Good luck getting the tank back up off the stand if you use bondo. 

Is the problem A) the tank isn't sitting right on the stand or B) the stand isn't sitting right on the floor? B is a heck of a lot easier to fix, Styrofoam or shims will work fine. If A you'll probably have to sand/plane the stand where the tank sits to get the high spots level. I wouldn't shim the low spots unless you can do it in such a way there is no gaps between the tank and stand. That may mean putting 10 shims next to each other to get all the gaps filled, and then you'd have to worry about what the final result looks like, too. 

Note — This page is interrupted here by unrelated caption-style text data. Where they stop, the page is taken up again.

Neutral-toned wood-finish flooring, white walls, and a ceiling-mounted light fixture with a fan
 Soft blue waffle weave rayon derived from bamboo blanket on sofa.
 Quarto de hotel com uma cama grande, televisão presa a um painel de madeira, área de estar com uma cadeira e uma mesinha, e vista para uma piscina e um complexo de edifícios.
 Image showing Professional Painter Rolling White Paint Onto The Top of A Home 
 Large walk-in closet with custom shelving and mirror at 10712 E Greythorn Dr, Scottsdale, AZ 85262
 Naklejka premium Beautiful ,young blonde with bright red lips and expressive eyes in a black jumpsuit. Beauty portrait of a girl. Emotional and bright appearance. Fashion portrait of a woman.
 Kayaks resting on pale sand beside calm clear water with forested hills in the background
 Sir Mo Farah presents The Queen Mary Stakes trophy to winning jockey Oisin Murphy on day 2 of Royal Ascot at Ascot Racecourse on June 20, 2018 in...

I also agree it doesn't have to be 100%, really really close is good enough, once that thing is full of water the stand will settle in anyway.


----------



## AKAmikeross (Nov 5, 2012)

Looks fine by me. IMO your close to level, the tank will settle once filled and that small gap will only get smaller. I dont think you will have an issue with that tiny gap causing any structural issues with the tank.

If it were me there would be fish in it already lol. Looks like you might not have any media to kick start you cycle from an existing tank? You could cycle the old fashion way or look into a product called stability by seachem. It works very well IMO for starting new tanks with no established media. Best part is you need to add a few fish right away to make the product work.

Good luck with the tank. Like I said, personally I wouldnt worry about it. If anything, might be a good time to buy 1 can of semi gloss or satin black spray paint and give the stand a coat or two.


----------